In this recording from Naxos -- which leads other labels this year with 15 classical Grammy nominations -- Penderecki's massive orchestrations and choral gymnastics are led by Antoni Wit. The Warsaw National Philharmonic Choir and Orchestra members sound as if they'd waited all their lives to perform this frightening, devastating music. In fact, one of the most visceral connections you can make with the nightmares of Europe's last century is to hear this music. In it, you feel -- as if you could touch it -- the real darkness of the worst of communism and Nazism.
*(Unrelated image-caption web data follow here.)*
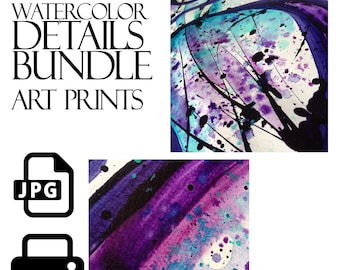 Bundel aquareldetails, 5 jpg-bestanden, afdrukbare, downloadbare kunstafdrukken, instant download, decoratieve aquarel, abstract, cirkels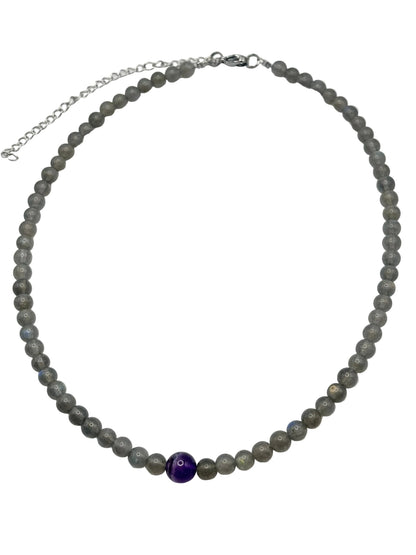 Collar Gargantilla Labradorita y Amatista | Protección e Intuición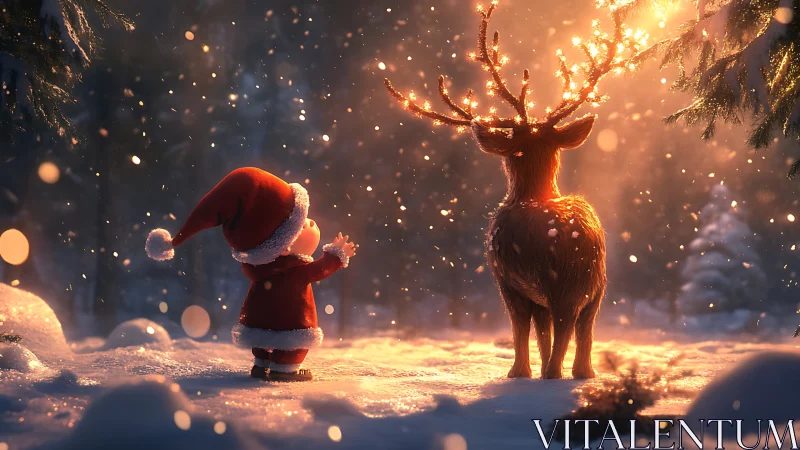 Small child meets glowing reindeer in snowy forest scene.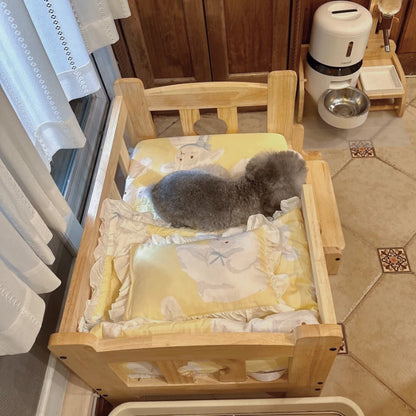 Elevated Solid Wood Pet Bed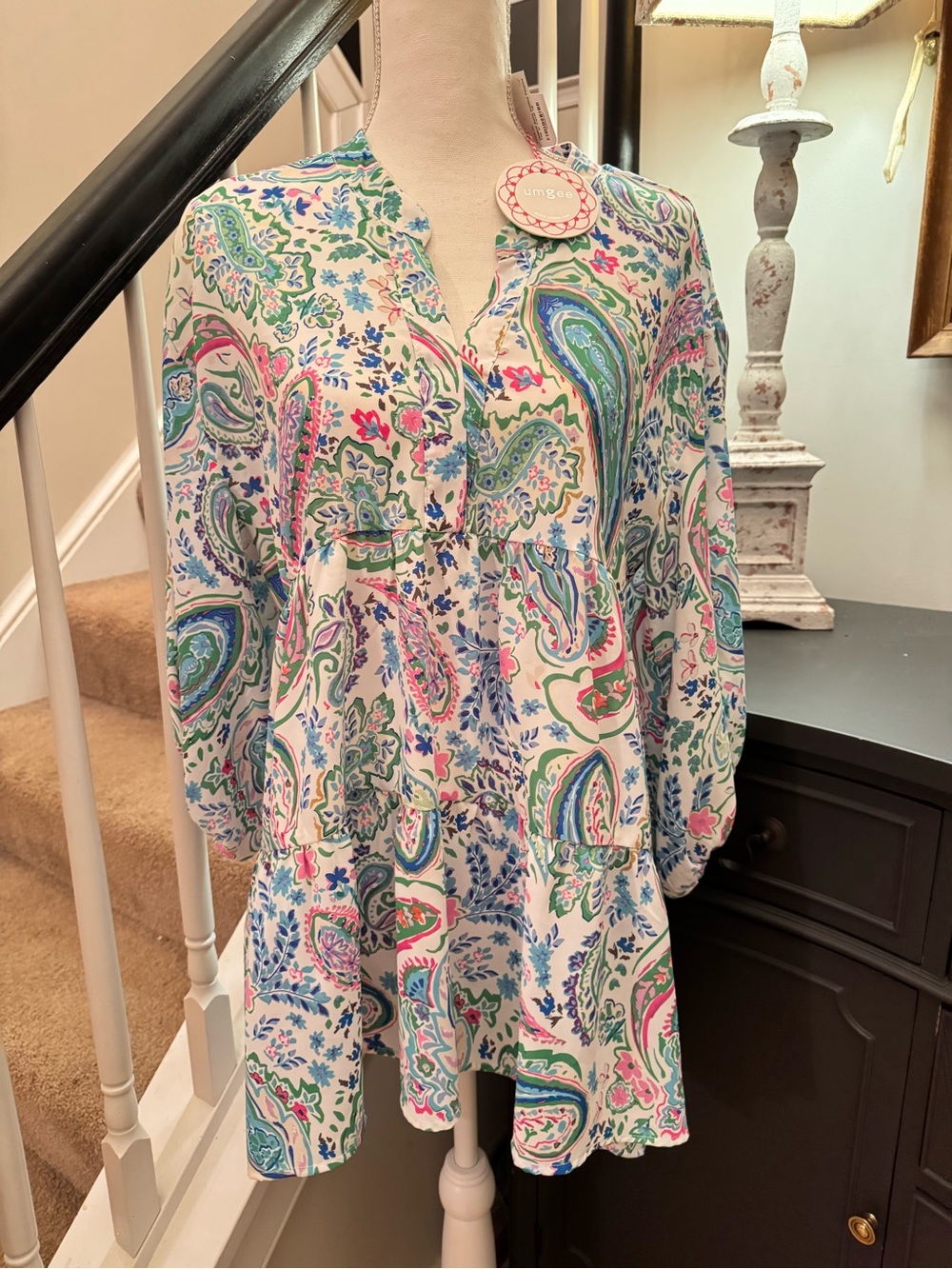 Umgee Boutique Paisley Popover Tunic/ Swim Coverup Size M NWT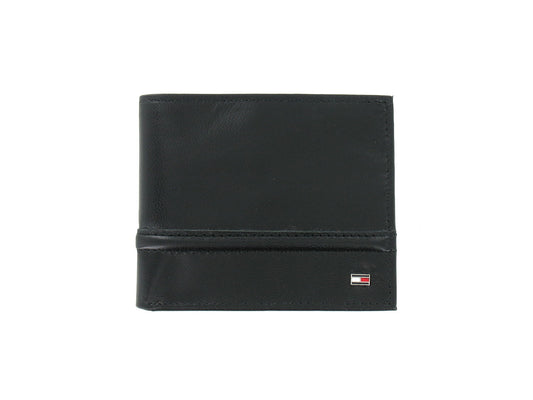 Tommy Hilfiger Men's Black Genuine Leather | ID Holder | Bi-Fold Wallet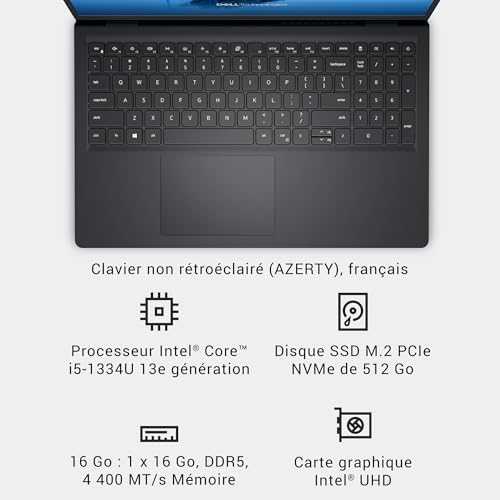Dell 15 PC Portable Ordinateur Portable DC15250, FHD, Intel Core i5-1334U – vue 9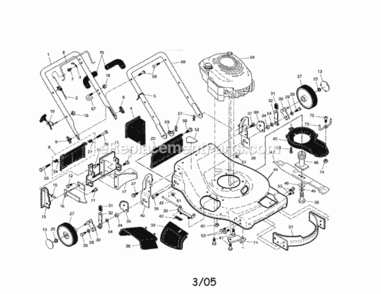 Page A Diagram and Parts List for 917375351  Craftsman Lawn Mower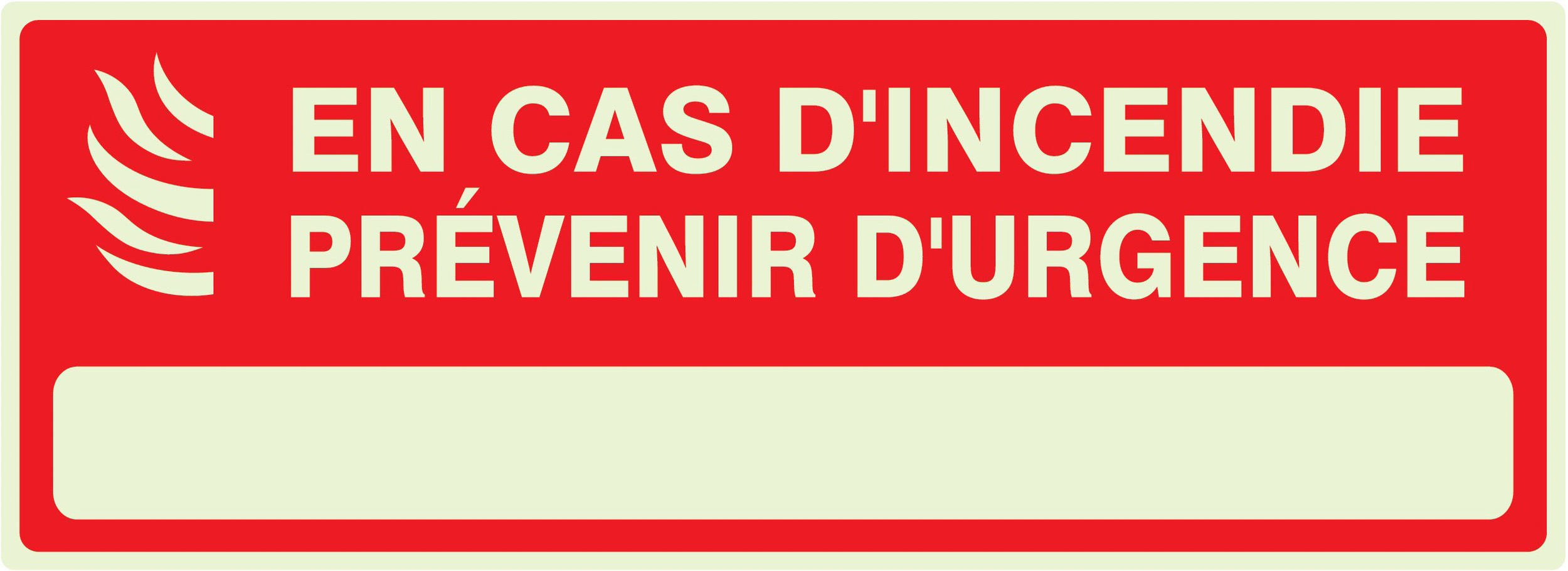 EN CAS D'INCENDIE PREVENIR D'URGENCE LUMINES. 330x120mm TALIAPLAST - 636122
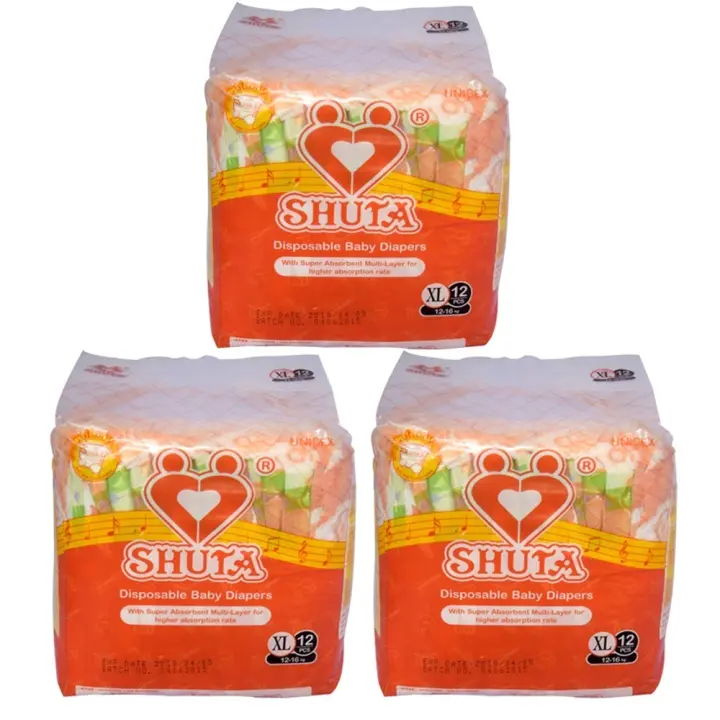 Wawawei Shuta Baby Diaper Xl 12 Multicolor Set Of 3 Lazada Ph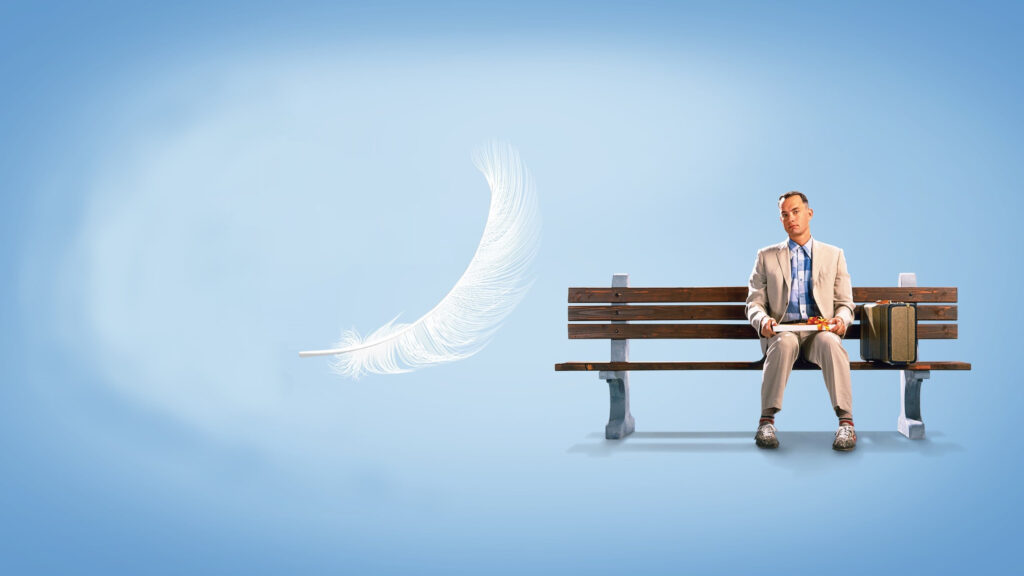 Minimalist Forrest Gump Bench Desktop Wallpaper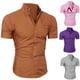 thumbnail image 3 of Am moda hombres Color sólido botones abajo camisa manga corta Slim Fit solapa Topspangjing, 3 of 4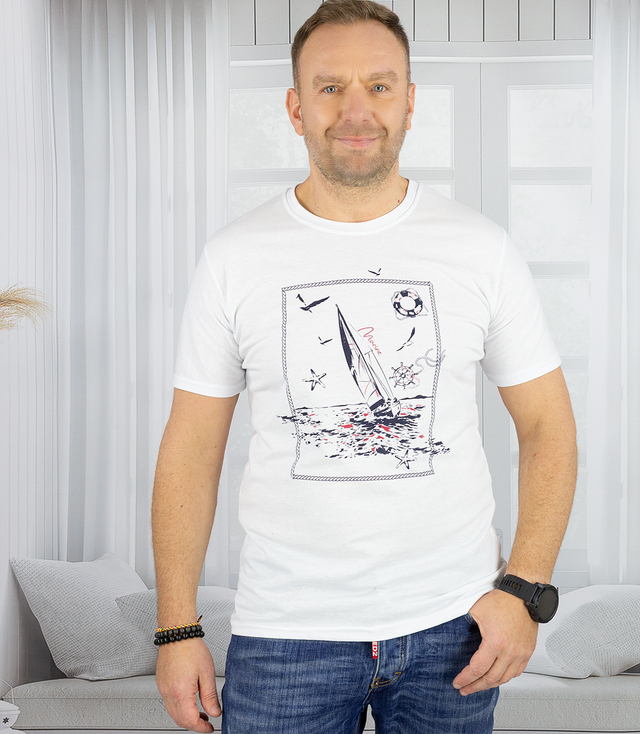 Men's short sleeve t-shirt with nautical motif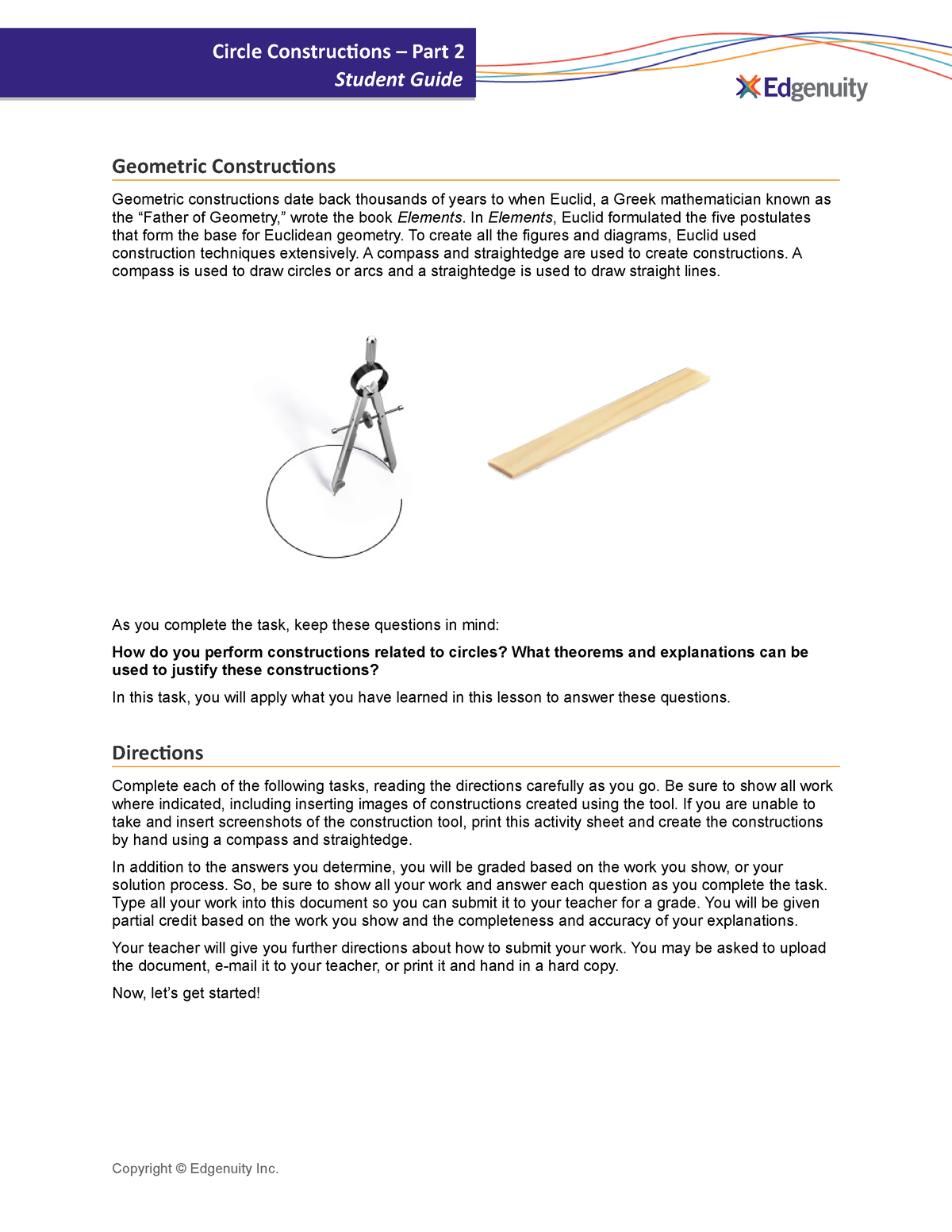 Circle Constructions Student Guide Part 2 Geometric Constructions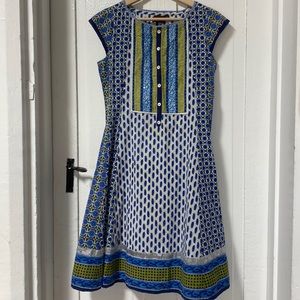 Gili flowered feather dress with crocheted and metallic accents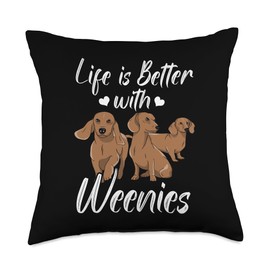 Long Haired Dapple Dachshund Gifts For Women Cute Wiener Dog Mom Doxie Weenie-Dackel & Dachshund Women Throw Pillow, 18x18, Multicolor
These are the sounds of hearts suffering the Kafka-chill of police-state oppression. Take the "Dies Irae," generally a hymn or chant for the dead. As the third movement in "A Polish Requiem," it's nobody's Gregorian hand-wringer. Penderecki's strings slash and claw at the air as the tenors, joined by the sopranos, bellow out a fearsome warning of "that judge whose searching light / Brings thought and word and deed to light."
Those cliff-face glissandi, or cascading harmonies, are a Penderecki trademark. The "Mors stupebit" sequence opens with alto Jadwiga Rappé's despairing "Death is struck and nature quaking." It gives way to bells of alarm and stabbing military percussion under the hair-raising mayday of the choir's impassioned "Nothing unavenged remaineth." This is an Armageddon.
Penderecki's work isn't always liturgical, although much of his choral work is, including "The Passion of St. Luke" and "Utrenja: The Entombment of Christ." In his "Requiem," by the time he reaches the communion segment, "Lux aeterna," he's working in a range of nerve-scraping strings deployed by Gyorgy Ligeti, whose own "Lux aeterna" is heard in the soundtrack of Kubrick's "2001: A Space Odyssey." "I am seized with fear and trembling," the choir insists in a harrowing "Libera me, Domine" that starts in shadowy sotto voce and quickly vaults into soprano Izabella Klosinska's near-screams of panicked supplication.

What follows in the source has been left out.